Ca2+ channel antagonists enhance tension in skinned skeletal and heart muscle fibres.

1993 
Abstract Striated muscle fibres, both skeletal and cardiac of different species including human, skinned by freeze-drying, were activated in solutions strongly buffered for Ca 2+ . The single fibres were immersed in solutions with different [Ca 2+ ]. Sarcomere length was set and controlled by laser diffraction. Fibre type was determined by Sr 2+ activation. The relation between the negative logarithm of the Ca 2+ concentration and the normalized tension, the Ca 2+ sensitivity curve, was investigated. The effect on the contractile machinery of three different Ca 2+ channel antagonists (verapamil, diltiazem and nifedipine) in a therapeutic concentration (10 −6 M) was investigated.

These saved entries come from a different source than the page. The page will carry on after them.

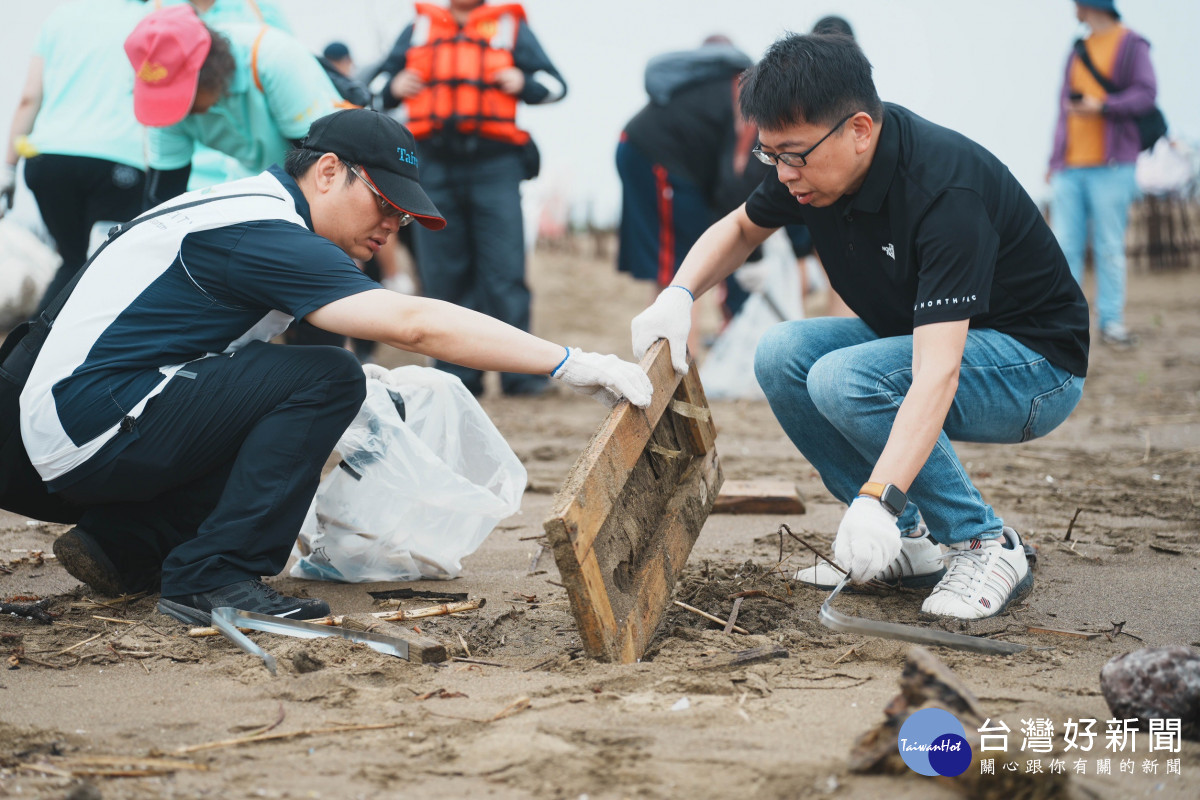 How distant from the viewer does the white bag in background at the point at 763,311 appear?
18.2ft

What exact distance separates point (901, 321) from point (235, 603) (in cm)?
173

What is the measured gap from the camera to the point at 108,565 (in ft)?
8.43

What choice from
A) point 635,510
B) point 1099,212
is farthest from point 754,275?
point 635,510

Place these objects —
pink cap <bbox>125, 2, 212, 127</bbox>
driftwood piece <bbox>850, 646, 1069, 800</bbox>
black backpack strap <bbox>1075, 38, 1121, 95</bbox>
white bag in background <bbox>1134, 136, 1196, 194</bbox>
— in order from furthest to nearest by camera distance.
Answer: white bag in background <bbox>1134, 136, 1196, 194</bbox> < black backpack strap <bbox>1075, 38, 1121, 95</bbox> < pink cap <bbox>125, 2, 212, 127</bbox> < driftwood piece <bbox>850, 646, 1069, 800</bbox>

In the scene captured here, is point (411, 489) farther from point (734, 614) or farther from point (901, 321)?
point (901, 321)

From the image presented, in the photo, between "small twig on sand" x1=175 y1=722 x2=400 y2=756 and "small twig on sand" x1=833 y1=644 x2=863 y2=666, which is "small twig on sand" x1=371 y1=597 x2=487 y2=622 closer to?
"small twig on sand" x1=175 y1=722 x2=400 y2=756

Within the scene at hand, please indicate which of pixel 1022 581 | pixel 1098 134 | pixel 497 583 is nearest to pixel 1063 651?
pixel 1022 581

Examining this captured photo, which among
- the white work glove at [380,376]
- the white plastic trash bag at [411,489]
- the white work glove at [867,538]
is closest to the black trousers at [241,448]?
the white plastic trash bag at [411,489]

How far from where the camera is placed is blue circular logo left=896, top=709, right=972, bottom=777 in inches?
60.0

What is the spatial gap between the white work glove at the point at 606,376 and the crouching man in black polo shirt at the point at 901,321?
0.30 m

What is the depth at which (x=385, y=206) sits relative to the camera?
2471mm

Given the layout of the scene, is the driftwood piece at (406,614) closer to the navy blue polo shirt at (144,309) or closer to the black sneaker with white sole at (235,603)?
the black sneaker with white sole at (235,603)

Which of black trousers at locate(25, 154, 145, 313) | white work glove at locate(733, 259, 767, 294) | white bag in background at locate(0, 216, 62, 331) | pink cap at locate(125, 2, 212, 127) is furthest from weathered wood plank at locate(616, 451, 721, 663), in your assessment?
white bag in background at locate(0, 216, 62, 331)

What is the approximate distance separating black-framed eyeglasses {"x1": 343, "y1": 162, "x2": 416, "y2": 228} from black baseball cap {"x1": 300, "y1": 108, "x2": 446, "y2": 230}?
0.01 metres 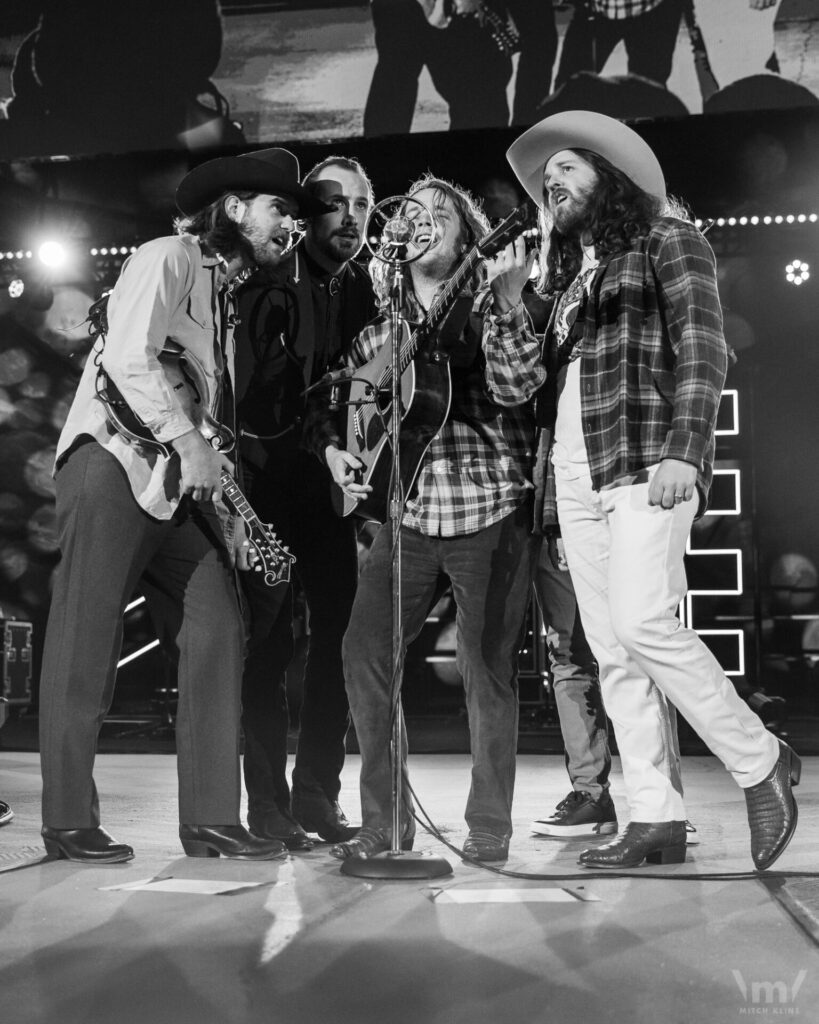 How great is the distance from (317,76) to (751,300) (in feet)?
13.4

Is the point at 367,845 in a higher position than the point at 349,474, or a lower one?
lower

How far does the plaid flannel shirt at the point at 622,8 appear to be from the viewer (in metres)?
6.64

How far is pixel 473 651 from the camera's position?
10.1 feet

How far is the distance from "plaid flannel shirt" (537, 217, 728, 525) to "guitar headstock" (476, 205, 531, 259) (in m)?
0.33

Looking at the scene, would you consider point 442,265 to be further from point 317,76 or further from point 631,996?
point 317,76

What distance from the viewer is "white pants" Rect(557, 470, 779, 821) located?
272 cm

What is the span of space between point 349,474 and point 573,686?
1.31 meters

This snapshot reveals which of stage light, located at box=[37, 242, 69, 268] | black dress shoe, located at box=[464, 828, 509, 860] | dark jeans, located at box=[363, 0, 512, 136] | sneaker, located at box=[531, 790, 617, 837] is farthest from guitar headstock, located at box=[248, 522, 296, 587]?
stage light, located at box=[37, 242, 69, 268]

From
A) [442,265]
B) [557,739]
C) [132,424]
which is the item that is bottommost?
[557,739]

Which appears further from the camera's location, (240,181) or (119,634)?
(240,181)

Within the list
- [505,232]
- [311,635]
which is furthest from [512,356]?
[311,635]

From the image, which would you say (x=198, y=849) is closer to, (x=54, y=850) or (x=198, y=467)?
(x=54, y=850)

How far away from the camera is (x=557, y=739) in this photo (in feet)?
23.7

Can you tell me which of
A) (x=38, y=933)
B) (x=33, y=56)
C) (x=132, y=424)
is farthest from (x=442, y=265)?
(x=33, y=56) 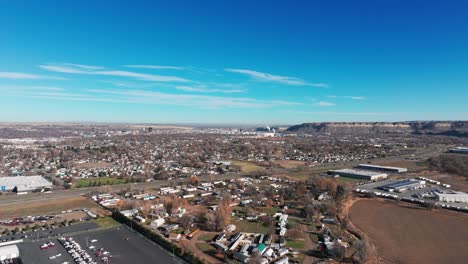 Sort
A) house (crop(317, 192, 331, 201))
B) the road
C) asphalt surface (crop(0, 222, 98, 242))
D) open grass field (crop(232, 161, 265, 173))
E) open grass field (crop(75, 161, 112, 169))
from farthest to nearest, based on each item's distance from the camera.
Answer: open grass field (crop(75, 161, 112, 169)) < open grass field (crop(232, 161, 265, 173)) < the road < house (crop(317, 192, 331, 201)) < asphalt surface (crop(0, 222, 98, 242))

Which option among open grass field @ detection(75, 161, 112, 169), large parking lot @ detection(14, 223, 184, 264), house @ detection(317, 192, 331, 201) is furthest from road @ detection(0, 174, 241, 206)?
house @ detection(317, 192, 331, 201)

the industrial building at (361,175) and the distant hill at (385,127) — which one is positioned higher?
the distant hill at (385,127)

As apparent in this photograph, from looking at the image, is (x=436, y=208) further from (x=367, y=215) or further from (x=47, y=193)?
(x=47, y=193)

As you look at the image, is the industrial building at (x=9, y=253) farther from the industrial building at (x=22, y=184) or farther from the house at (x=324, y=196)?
the house at (x=324, y=196)

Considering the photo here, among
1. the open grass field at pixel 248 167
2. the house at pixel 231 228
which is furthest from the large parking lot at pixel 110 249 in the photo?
the open grass field at pixel 248 167

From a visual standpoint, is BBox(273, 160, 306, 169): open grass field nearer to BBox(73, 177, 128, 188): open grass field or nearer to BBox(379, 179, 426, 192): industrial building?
BBox(379, 179, 426, 192): industrial building

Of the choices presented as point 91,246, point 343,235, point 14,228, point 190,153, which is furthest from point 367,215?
point 190,153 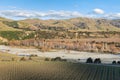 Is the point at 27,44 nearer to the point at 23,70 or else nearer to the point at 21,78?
the point at 23,70

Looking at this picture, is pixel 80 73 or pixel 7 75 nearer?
pixel 7 75

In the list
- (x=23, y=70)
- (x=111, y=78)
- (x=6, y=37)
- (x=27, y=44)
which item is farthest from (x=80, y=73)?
(x=6, y=37)

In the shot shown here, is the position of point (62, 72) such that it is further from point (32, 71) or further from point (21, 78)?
point (21, 78)

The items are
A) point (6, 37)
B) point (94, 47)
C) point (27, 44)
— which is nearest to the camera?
point (94, 47)

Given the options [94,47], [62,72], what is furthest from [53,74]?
[94,47]

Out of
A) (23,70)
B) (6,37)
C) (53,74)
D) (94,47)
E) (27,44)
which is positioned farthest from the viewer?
(6,37)

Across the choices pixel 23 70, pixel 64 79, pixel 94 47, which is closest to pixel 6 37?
pixel 94 47

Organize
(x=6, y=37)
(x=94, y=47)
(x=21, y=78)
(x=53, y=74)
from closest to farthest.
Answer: (x=21, y=78) → (x=53, y=74) → (x=94, y=47) → (x=6, y=37)

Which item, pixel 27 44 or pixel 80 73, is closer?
pixel 80 73

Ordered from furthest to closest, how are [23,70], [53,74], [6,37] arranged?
[6,37], [23,70], [53,74] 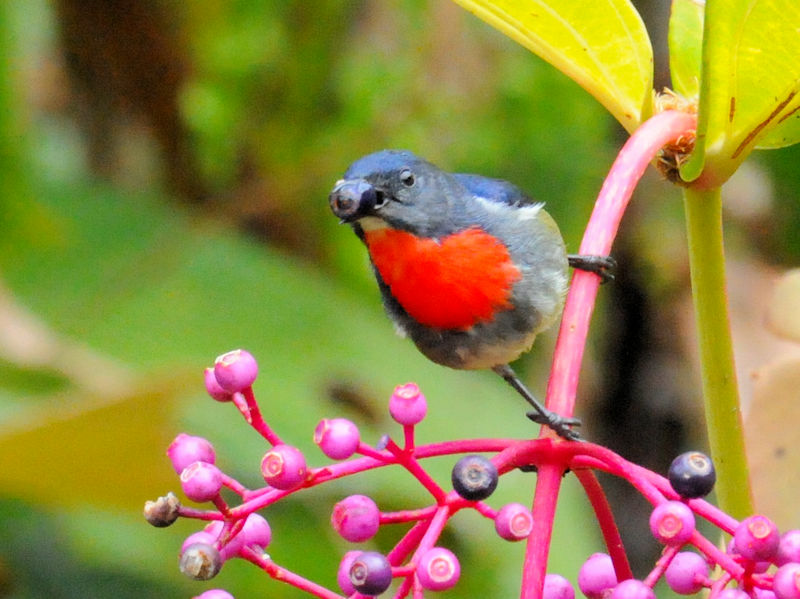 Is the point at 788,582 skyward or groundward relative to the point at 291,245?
groundward

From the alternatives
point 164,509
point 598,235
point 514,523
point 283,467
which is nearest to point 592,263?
point 598,235

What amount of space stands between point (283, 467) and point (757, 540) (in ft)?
1.50

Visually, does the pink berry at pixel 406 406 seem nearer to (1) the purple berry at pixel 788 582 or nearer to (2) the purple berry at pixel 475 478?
(2) the purple berry at pixel 475 478

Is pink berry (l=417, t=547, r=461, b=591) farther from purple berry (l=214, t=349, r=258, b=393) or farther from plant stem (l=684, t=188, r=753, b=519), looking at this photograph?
plant stem (l=684, t=188, r=753, b=519)

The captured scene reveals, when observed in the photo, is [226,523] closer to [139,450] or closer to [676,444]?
[139,450]

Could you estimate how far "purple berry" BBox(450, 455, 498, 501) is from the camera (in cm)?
109

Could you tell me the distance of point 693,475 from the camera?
3.59 ft

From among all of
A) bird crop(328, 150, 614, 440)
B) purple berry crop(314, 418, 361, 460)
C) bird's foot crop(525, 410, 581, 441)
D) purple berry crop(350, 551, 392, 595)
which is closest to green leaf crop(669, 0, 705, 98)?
bird crop(328, 150, 614, 440)

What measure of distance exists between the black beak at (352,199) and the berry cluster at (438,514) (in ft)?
0.92

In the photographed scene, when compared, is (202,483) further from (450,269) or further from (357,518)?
(450,269)

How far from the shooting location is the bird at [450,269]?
171 centimetres

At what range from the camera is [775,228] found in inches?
134

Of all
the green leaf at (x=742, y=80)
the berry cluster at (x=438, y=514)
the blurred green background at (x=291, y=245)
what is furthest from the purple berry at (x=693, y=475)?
the blurred green background at (x=291, y=245)

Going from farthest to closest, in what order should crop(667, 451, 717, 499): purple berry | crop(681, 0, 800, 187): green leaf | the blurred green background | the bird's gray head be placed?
the blurred green background
the bird's gray head
crop(681, 0, 800, 187): green leaf
crop(667, 451, 717, 499): purple berry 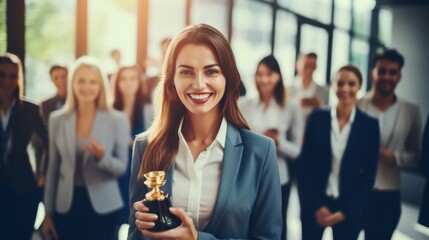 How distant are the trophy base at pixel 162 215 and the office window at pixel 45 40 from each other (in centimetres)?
269

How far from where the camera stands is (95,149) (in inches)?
110

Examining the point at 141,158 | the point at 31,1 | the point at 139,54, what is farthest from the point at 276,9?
the point at 141,158

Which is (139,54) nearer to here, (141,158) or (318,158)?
(318,158)

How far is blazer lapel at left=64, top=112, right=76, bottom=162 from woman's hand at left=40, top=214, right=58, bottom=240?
0.44m

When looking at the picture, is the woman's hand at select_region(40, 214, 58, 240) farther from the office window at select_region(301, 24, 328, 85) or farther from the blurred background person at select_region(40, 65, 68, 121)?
the office window at select_region(301, 24, 328, 85)

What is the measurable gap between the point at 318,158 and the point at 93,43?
9.02 feet

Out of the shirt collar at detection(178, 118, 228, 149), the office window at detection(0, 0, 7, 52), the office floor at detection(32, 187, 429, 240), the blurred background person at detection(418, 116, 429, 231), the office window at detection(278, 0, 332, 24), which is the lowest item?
the office floor at detection(32, 187, 429, 240)

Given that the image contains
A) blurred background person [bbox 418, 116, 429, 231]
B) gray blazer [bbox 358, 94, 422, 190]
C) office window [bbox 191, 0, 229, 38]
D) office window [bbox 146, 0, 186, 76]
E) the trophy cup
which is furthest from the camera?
office window [bbox 191, 0, 229, 38]

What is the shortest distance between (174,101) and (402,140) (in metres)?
2.19

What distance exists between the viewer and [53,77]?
12.0 ft

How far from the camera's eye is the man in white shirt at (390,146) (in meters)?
3.00

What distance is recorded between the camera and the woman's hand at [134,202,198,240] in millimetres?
1140

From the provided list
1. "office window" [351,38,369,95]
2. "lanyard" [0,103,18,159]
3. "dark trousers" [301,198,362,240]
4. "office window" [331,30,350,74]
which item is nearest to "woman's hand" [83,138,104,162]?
"lanyard" [0,103,18,159]

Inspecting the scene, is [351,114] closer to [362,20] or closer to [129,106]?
[129,106] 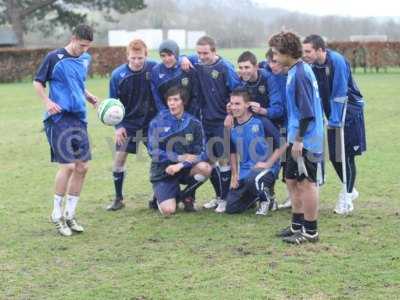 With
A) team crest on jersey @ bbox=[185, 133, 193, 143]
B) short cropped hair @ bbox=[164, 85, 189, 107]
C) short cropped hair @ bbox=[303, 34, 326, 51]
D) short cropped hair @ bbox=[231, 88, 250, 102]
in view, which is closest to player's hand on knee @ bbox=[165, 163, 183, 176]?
team crest on jersey @ bbox=[185, 133, 193, 143]

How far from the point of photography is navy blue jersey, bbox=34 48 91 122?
6180mm

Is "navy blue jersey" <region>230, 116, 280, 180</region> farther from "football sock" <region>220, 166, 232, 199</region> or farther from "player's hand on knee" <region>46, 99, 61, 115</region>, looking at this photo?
"player's hand on knee" <region>46, 99, 61, 115</region>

The possible effects on the Ca 2+ sensitivity curve were quantified by: (1) the change in maximal tension developed at pCa 2+ = 4.4; (2) the change in pCa 2+ value at which 50% of the tension induced at pCa 2+ = 4.4; (3) the steepness of the Ca 2+ sensitivity curve in this point. The three drugs tested, at a therapeutic concentration of 1 μM, all enhanced maximal induced tension by respectively 25, 20 and 7%. The sarcomere length dependency of the effect proved to be dependent upon the drug, but also slightly on fibre type (skeletal or cardiac), or on species. It is concluded that the drug influences the cooperativity of the two different types of binding sites on troponin-C (low- and high-affinity sites). Tension enhancement was due to increased stiffness of the actin-myosin interaction site.